(Collected data entries)
· · · · · · ·

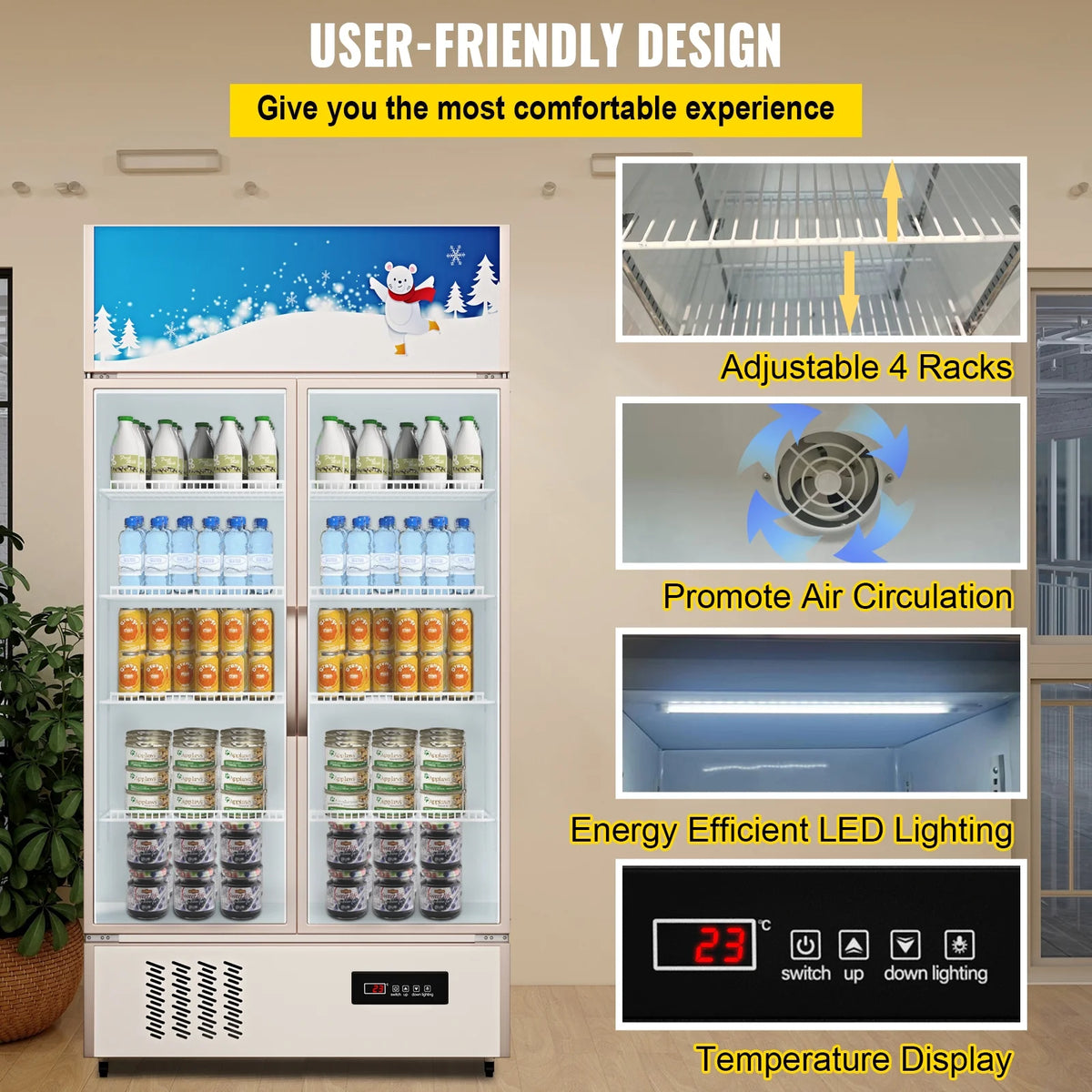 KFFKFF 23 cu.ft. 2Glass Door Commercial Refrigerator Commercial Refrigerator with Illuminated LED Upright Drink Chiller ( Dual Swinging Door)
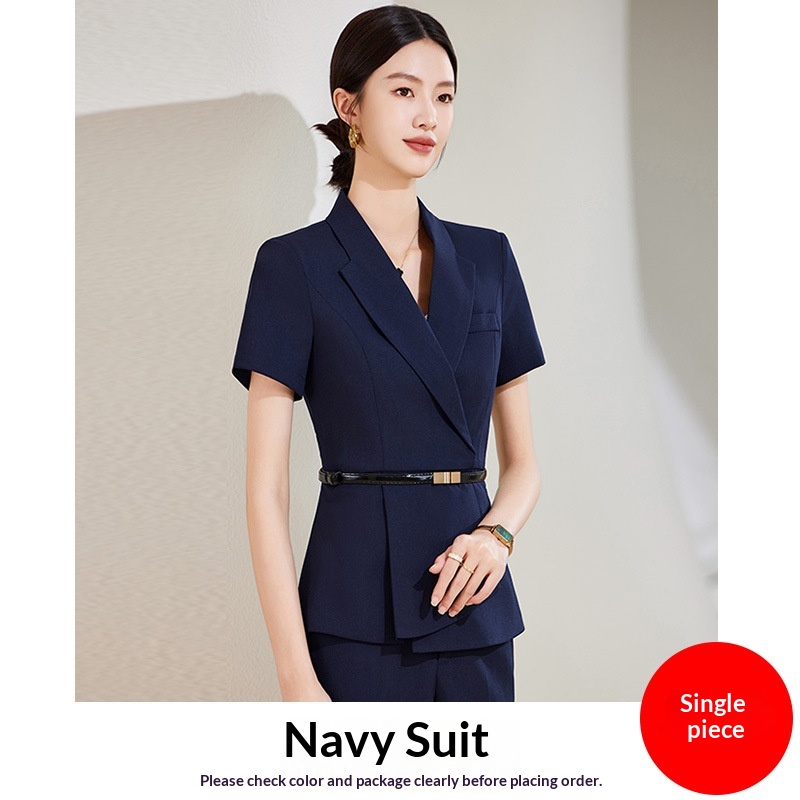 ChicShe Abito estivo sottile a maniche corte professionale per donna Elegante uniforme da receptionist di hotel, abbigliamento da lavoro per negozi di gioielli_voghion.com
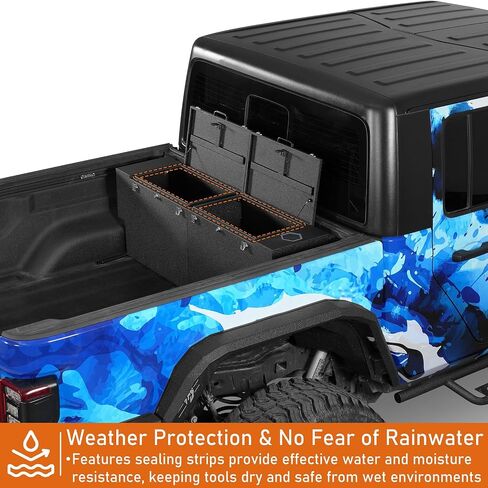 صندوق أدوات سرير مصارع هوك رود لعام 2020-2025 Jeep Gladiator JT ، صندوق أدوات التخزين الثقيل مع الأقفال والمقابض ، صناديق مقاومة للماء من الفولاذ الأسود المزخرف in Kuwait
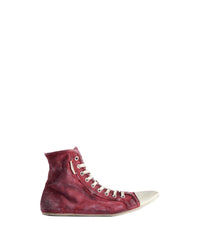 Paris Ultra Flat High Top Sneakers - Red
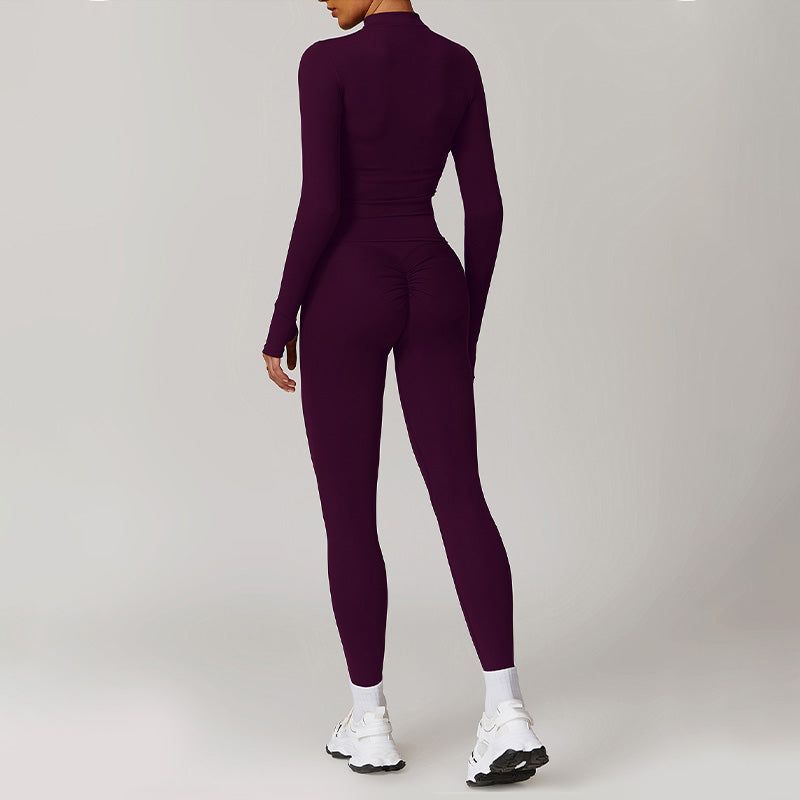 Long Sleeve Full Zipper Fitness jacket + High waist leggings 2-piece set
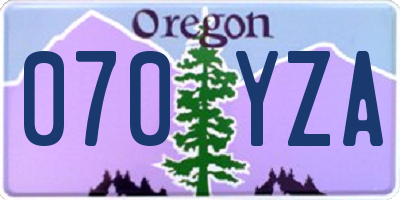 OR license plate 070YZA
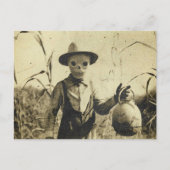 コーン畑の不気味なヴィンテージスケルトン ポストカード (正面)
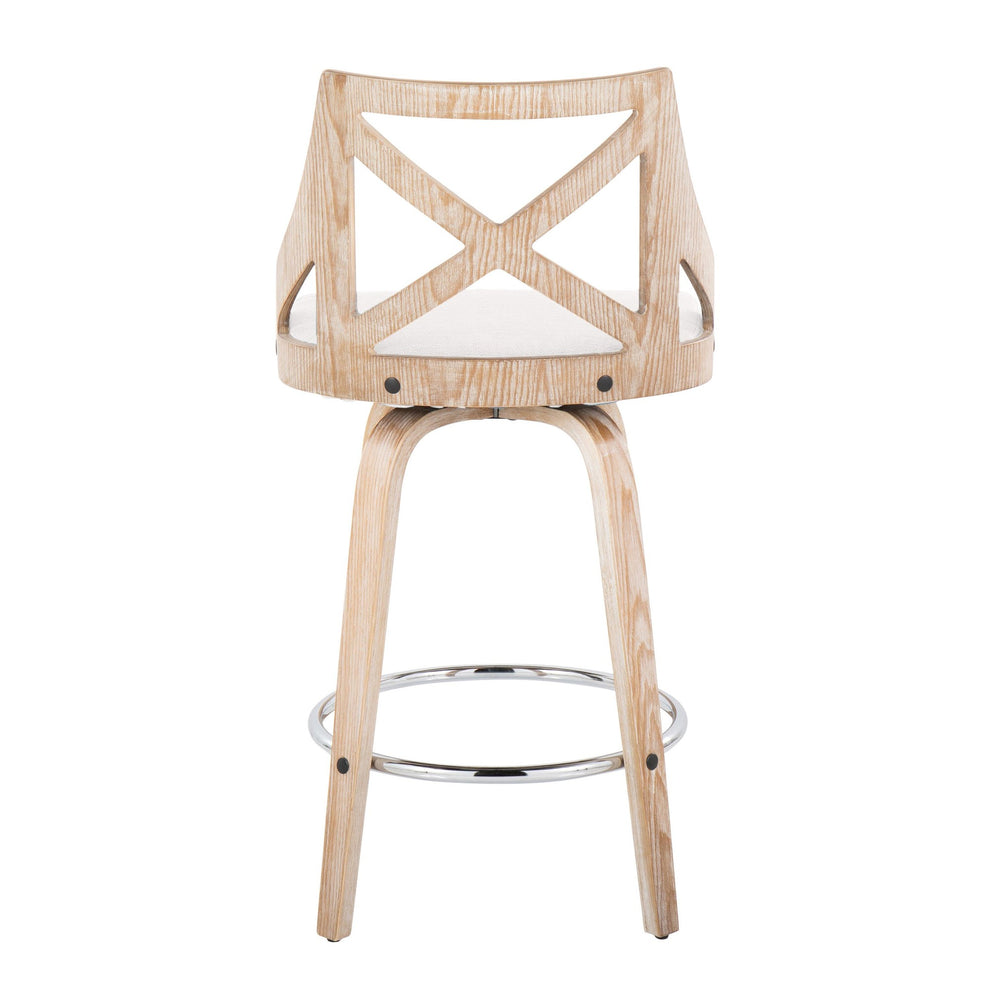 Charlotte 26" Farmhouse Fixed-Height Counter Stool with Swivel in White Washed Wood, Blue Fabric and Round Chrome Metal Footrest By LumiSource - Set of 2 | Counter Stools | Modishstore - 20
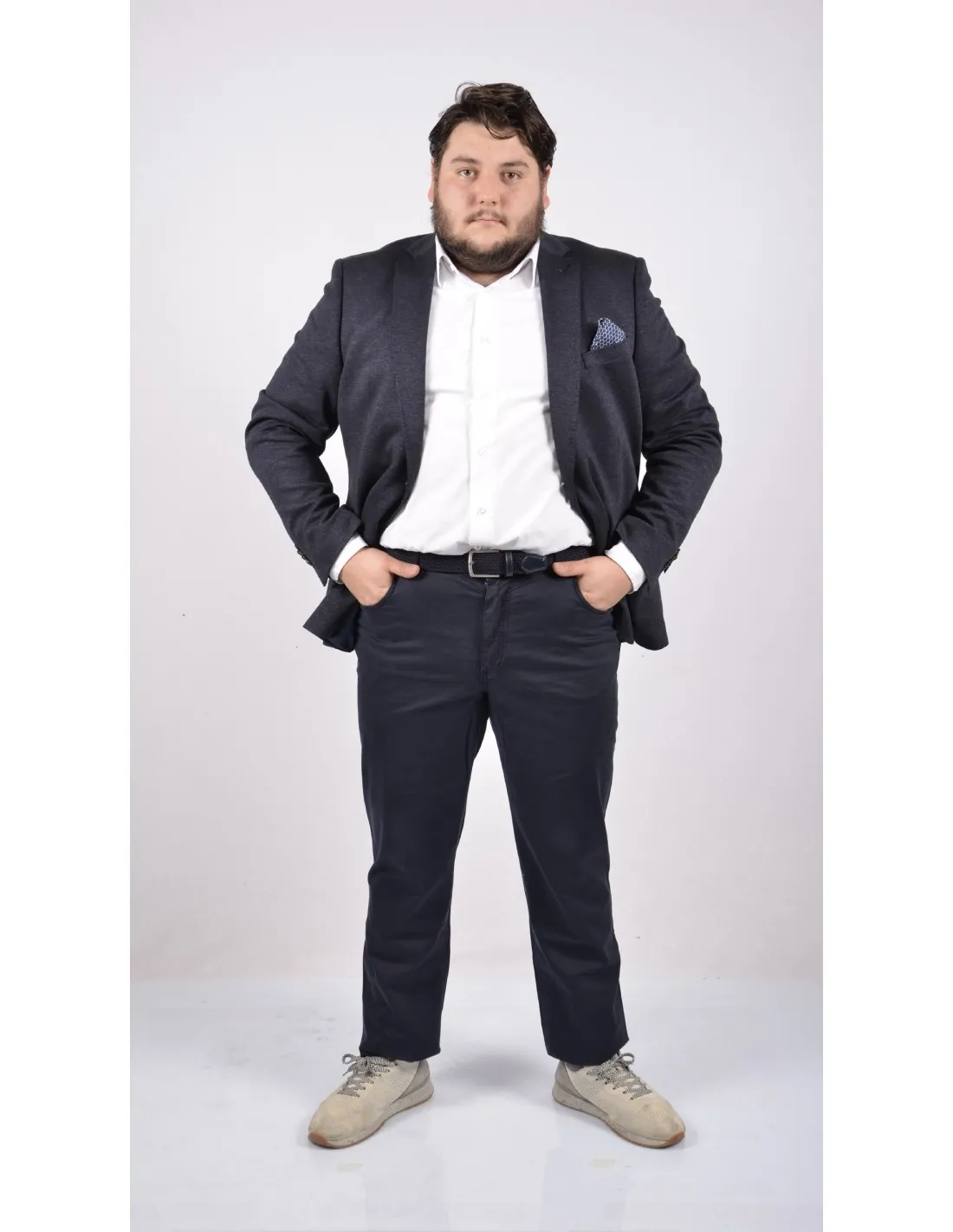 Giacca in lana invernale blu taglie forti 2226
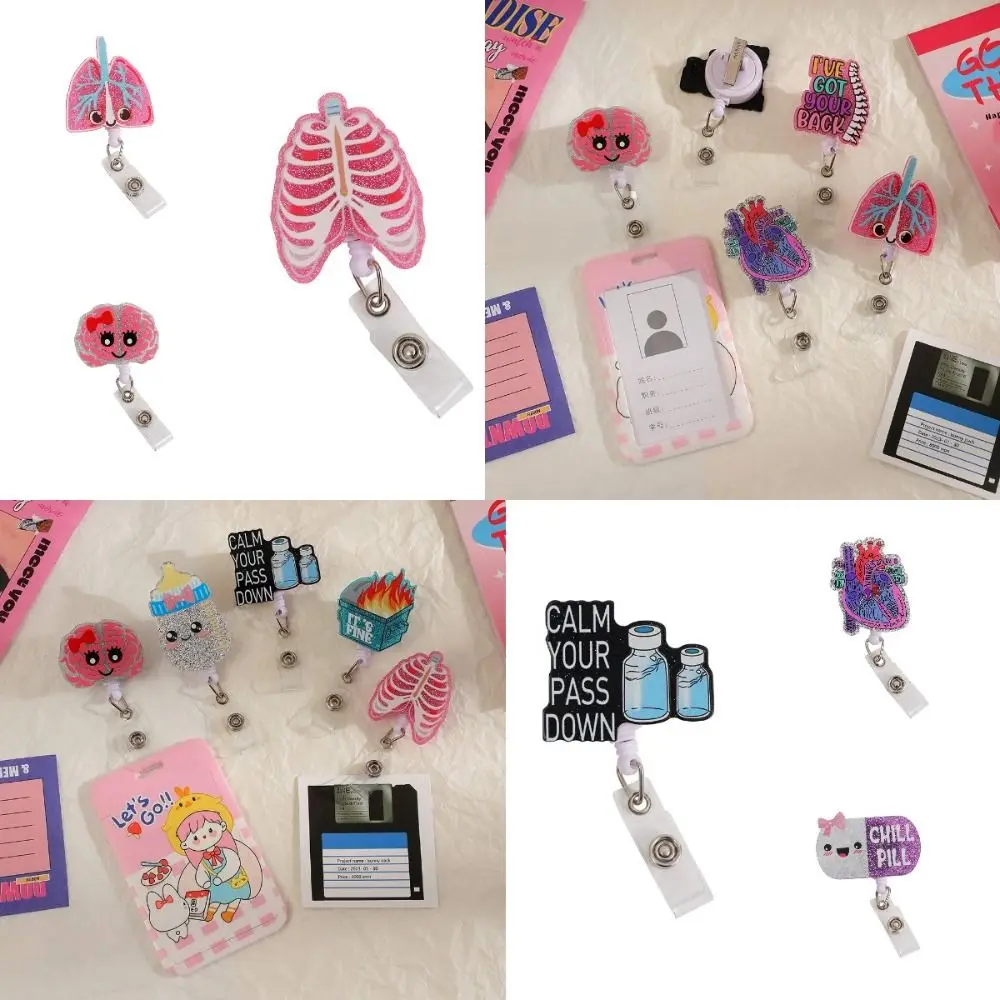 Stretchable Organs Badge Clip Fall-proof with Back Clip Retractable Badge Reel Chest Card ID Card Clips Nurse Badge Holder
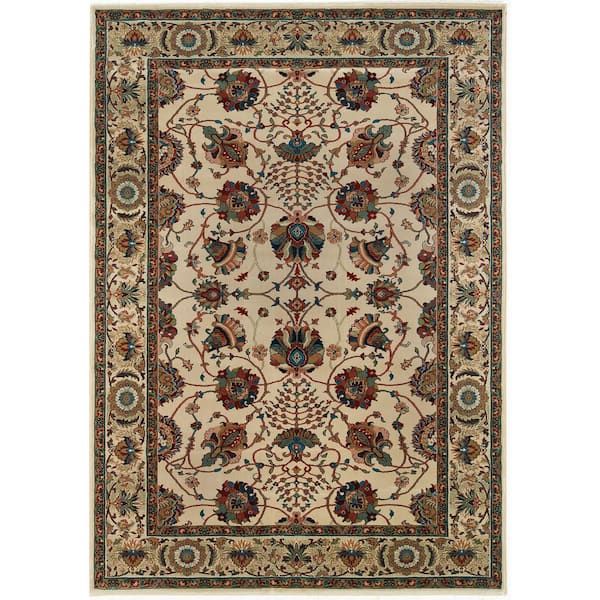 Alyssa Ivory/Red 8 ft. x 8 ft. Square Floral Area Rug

· · · · · · ·

> _Task details_:
Output the records above in their entirety and exactly, leaving out all images.

> _Task answer_:
 KFFKFF 23 cu.ft. 2Glass Door Commercial Refrigerator Commercial Refrigerator with Illuminated LED Upright Drink Chiller ( Dual Swinging Door)
 ChicShe Abito estivo sottile a maniche corte professionale per donna Elegante uniforme da receptionist di hotel, abbigliamento da lavoro per negozi di gioielli_voghion.com
 صندوق أدوات سرير مصارع هوك رود لعام 2020-2025 Jeep Gladiator JT ، صندوق أدوات التخزين الثقيل مع الأقفال والمقابض ، صناديق مقاومة للماء من الفولاذ الأسود المزخرف in Kuwait
 Paris Ultra Flat High Top Sneakers - Red
 Long Sleeve Full Zipper Fitness jacket + High waist leggings 2-piece set
 OR license plate 070YZA
 コーン畑の不気味なヴィンテージスケルトン ポストカード (正面)
 Charlotte 26" Farmhouse Fixed-Height Counter Stool with Swivel in White Washed Wood, Blue Fabric and Round Chrome Metal Footrest By LumiSource - Set of 2 | Counter Stools | Modishstore - 20
 Giacca in lana invernale blu taglie forti 2226
 Stretchable Organs Badge Clip Fall-proof with Back Clip Retractable Badge Reel Chest Card ID Card Clips Nurse Badge Holder
 Alyssa Ivory/Red 8 ft. x 8 ft. Square Floral Area Rug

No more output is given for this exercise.